Like all good entrepreneurs, DiNunzio, 35, got her start by paying attention. In her case, it was paying attention to her rapid-fire wedding and then divorce to start a company in 2009, called Recycled Bride, which enabled couples to, as Forbes put it, sell “their wedding finery and excess sundries so they could ride off in the sunset without staggering under the weight of debt.” She expanded that into Tradesy, which enables women to monetize the used or unused clothing and accessories in their closets by creating a peer-to-peer marketplace in which pricing, listing, buying, selling, shipping and returning goods is seamlessly easy — and with Tradesy taking a 9 percent commission. She is not alone in that space, but it’s working.
“We have a section on the site for wedding attire,” she explained. “We have seen three brides wear the same dress.” The first bought a Vera Wang wedding dress for $8,000 and then sold it on Tradesy for $3,000. The second wore it and resold it for $3,000. “So the bride in the middle of that trade wore her $8,000 Vera Wang wedding dress for free.”…
Yeah, finding an opportunity to ‘monetize’ a eight-thousand-dollar dress (for a wedding that didn’t even last!) is the very definition of First World Problems…
Back before washing machines and public laundromats, one of the bottom-entry entrepreneurial task sets was “taking in wash”. Going from door to door, picking up heavy baskets of other peoples’ soiled undergarments and sheets, heating water (over a fire, or on a hand-fed wood- or coal-burning stove), dealing with the caustic chemicals involved, hand-washing endless pounds of wet yardage, wrestling the end results up to hang dry — plus ironing, and mending, before lugging the heavy baskets back to those fortunate enough to outsource all this labor in return for a miserable pittance. It didn’t require much of a fiduciary investment, nor training that any woman wasn’t expected to have acquired before puberty, but it was such a burdensome and unpleasant task-series that any housewife with even a little ‘discretionary’ income would pay to have it taken, literally, off her hands.

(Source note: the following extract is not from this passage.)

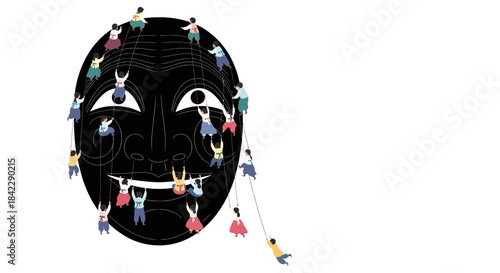 Tiny people climbing on a giant black mask with expressive eyes and mouth.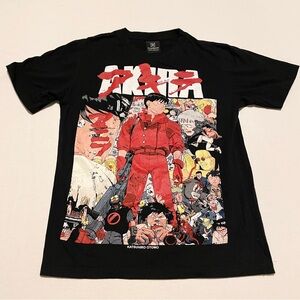 AKIRA Anime Manga T-Shirt Katsuhiro Otomo Kraftbkk Graphic Tee Black Large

The unlucky widow or elderly spinster ‘taking in washing’ was such a cultural standby that economists joked about theoretical societies where the medium of exchange was every individual taking in someone else’s laundry. (Fred Pohl wrote an sf story where far-future anthropologists thought that the national legislators of the once-powerful Nacirema survived that way, thus the name of their capital, “Washing Done”. He may not have invented that joke.)
But today “we” — meaning Tom ‘I Married A Billionaire’s Daughter” Friedman and the people who pay him to write this crap — don’t even consider the possibility that labor might have value. What they have — what they value — is tons of expensive, logo’d “inventory”. Worse comes to worse and Tom’s father-in-law cuts him off, Tom is not gonna roll up his french-cuffed monogrammed sleeves; he’s gonna wander around his mansion and dig out some of last season’s Coach bags to sell to the middle-manager Aspirationals who pay his speaker fees.
Friedman: "Reinventing the consignment shop on the web will save the U.S. economy. Also, PR pitches work with me." http://t.co/9Nq06LLVhs
— billmon (@billmon1) December 22, 2013
@douglasstruth Friedman is such a perfect parody of himself, it's a recursive loop. Someday he's going to disappear up his own belly button.